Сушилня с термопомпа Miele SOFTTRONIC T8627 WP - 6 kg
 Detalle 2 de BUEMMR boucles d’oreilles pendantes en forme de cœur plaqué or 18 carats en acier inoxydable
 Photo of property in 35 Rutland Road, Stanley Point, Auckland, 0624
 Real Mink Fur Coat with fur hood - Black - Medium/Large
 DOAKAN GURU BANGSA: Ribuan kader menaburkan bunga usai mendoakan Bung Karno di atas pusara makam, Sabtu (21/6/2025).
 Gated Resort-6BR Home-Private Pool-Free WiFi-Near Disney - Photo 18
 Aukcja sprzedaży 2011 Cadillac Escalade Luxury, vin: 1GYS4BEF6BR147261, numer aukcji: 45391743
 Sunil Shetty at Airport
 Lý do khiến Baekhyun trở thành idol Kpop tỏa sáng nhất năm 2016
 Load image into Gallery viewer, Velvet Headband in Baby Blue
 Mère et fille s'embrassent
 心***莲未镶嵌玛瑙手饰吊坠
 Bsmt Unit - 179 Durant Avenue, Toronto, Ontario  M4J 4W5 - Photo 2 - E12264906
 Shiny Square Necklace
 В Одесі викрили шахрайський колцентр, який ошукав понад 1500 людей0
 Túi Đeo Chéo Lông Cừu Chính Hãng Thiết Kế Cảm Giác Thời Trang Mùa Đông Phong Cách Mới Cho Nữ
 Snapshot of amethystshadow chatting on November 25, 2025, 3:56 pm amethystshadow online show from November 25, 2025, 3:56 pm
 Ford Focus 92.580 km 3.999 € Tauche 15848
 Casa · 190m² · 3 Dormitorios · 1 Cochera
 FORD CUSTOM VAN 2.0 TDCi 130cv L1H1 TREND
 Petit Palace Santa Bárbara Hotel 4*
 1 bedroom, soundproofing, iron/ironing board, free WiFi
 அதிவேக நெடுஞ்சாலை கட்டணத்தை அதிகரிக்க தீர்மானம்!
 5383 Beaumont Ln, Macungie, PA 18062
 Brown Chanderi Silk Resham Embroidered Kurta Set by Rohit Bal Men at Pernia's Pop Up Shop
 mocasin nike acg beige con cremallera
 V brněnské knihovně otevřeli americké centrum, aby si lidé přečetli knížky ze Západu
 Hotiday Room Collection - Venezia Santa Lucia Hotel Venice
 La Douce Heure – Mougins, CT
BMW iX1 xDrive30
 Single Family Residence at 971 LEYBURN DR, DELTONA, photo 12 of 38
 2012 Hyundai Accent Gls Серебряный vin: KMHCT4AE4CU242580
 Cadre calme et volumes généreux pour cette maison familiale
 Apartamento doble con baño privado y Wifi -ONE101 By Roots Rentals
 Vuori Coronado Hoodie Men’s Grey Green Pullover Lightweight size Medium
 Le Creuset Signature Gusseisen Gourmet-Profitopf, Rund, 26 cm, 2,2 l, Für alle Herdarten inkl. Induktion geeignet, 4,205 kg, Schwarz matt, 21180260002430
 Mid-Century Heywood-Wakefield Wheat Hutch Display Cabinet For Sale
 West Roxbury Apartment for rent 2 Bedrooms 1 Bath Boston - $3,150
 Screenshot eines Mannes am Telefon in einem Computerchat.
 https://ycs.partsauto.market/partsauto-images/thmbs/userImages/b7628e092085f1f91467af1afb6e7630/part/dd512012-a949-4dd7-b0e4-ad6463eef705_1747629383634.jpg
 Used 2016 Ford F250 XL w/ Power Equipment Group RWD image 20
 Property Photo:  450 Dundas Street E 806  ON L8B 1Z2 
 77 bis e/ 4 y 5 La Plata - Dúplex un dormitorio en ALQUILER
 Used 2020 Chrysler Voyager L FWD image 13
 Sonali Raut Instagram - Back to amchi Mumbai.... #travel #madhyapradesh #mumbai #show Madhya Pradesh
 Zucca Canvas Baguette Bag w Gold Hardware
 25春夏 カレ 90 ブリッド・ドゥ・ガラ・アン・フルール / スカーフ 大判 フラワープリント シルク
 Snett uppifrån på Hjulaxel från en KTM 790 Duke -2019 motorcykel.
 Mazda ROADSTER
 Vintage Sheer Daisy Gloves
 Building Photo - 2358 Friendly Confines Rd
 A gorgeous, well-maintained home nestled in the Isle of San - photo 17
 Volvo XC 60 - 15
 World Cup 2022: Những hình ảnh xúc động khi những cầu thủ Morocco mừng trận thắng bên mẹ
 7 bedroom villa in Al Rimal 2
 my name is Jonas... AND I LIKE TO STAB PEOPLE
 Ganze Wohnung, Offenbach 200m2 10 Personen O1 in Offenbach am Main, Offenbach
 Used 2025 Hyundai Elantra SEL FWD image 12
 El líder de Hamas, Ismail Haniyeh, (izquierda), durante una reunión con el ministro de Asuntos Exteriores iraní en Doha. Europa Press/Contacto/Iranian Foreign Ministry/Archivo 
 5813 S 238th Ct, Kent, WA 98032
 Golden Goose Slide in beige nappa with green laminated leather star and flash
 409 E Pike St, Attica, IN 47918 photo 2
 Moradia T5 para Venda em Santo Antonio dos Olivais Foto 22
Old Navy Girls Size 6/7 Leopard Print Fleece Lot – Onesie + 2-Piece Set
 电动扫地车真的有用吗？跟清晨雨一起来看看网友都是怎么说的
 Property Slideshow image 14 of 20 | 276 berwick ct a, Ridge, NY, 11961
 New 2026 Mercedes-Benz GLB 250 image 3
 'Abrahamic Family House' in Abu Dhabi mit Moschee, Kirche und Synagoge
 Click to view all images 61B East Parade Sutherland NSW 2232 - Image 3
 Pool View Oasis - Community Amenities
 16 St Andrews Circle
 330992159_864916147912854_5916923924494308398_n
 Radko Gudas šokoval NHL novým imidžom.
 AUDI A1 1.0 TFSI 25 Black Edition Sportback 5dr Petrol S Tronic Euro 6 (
********************
### [TASK DETAILS]
Take the lines above from the one containing "Hotiday Room Collection" to the one containing "Apartamento doble con" and retype them exactly, both ends included, with nothing added.

### [RESPONSE TO THE TASK]
 Hotiday Room Collection - Venezia Santa Lucia Hotel Venice
 La Douce Heure – Mougins, CT
BMW iX1 xDrive30
 Single Family Residence at 971 LEYBURN DR, DELTONA, photo 12 of 38
 2012 Hyundai Accent Gls Серебряный vin: KMHCT4AE4CU242580
 Cadre calme et volumes généreux pour cette maison familiale
 Apartamento doble con baño privado y Wifi -ONE101 By Roots Rentals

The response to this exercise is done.